Two lines below mark the span: the one containing "Illustration for Glitch" and the one containing "Platinum o/ Silver". Set down both, plus every line between, exactly as they stand, and nothing else.

* [Data for review]:
*** Block opens ***
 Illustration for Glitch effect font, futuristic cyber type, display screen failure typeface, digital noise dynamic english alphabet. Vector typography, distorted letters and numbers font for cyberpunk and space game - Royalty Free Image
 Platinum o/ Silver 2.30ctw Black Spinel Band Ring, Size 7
*** Block closes ***
*** Block opens ***
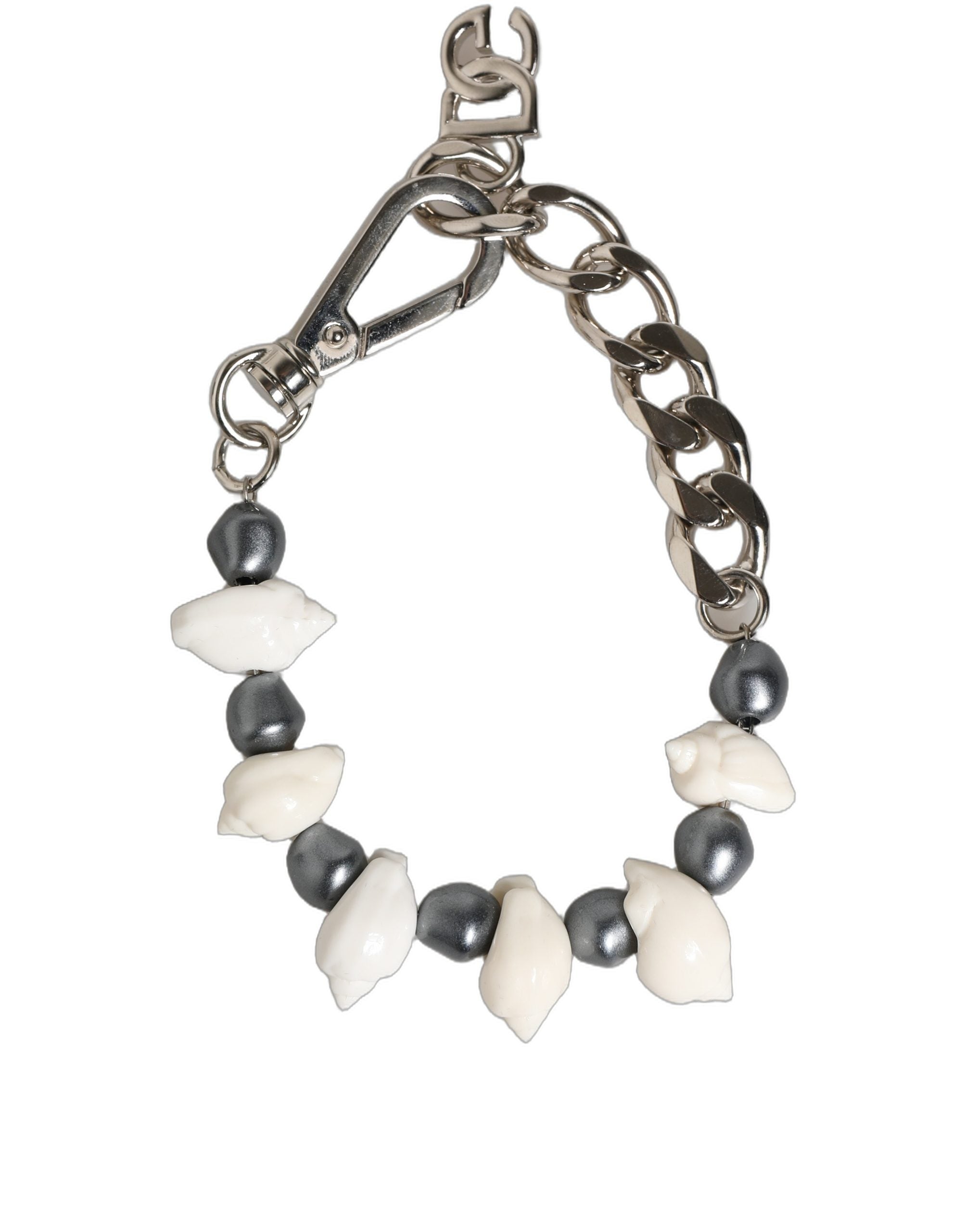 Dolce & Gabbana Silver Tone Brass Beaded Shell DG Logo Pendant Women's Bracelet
*** Block closes ***
* [Exercise output]:
 Illustration for Glitch effect font, futuristic cyber type, display screen failure typeface, digital noise dynamic english alphabet. Vector typography, distorted letters and numbers font for cyberpunk and space game - Royalty Free Image
 Platinum o/ Silver 2.30ctw Black Spinel Band Ring, Size 7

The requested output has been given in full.